Alleyne, a successor to Apprendi, held that facts increasing a mandatory-minimum sentence must be charged in the indictment and found by the jury beyond a reasonable doubt. That didn’t happen in Jermel Lewis’s case, but today CA3 affirmed his sentence. The panel majority rejected Lewis’s argument that the Alleyne error was structural and held that in this case it was harmless because the jury would have made the same findings the judge did.
The case is US v. Lewis. Opinion by Fisher, joined by Chagares. Dissent by Rendell. Arguing counsel were Paul Hetznecker for the Lewis and Robert Zauzmer for the government.
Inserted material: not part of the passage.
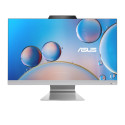 ASUS M3702WFAK-WA003W AMD Ryzen™ 5 7520U 68,6 cm (27") 1920 x 1080 Pixel PC All-in-one 16 GB LPDDR5-SDRAM 512 GB SSD Windows 11 Home Wi-Fi 6E (802.11ax) Bianco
Rendell’s dissent includes this:
The look back to the trial record that the
majority performs perpetuates the very error deemed to be
reversible in Alleyne: judges substituting their view for the
jury verdict, and thereby imposing a sentence which violates
the Sixth Amendment. In so doing, today’s decision
impermissibly designates both the indictment and petit jury
verdict a “mere preliminary to a judicial inquisition into the
facts of the crime the State actually seeks to punish.” Blakely
v. Washington, 542 U.S. 296, 307 (2004) (emphasis in
original).
The lesson of Alleyne is that juries, not judges, must
find the elements of a crime that support the sentence
imposed. The majority’s harmlessness exercise completely
upends this principle, finding that judges can determine
statutory elements from the facts in a trial, and uphold a
sentence in direct conflict with the indictment and verdict.
For that reason, even under a harmless error standard, I would
vacate the sentence and remand for resentencing.
My Magic 8 Ball foretells a petition for en banc rehearing.
Update: Douglas Berman posts at Sentencing Law and Policy blog, here, that Judge Rendell’s dissent “suggests there is a lot more to the matter.”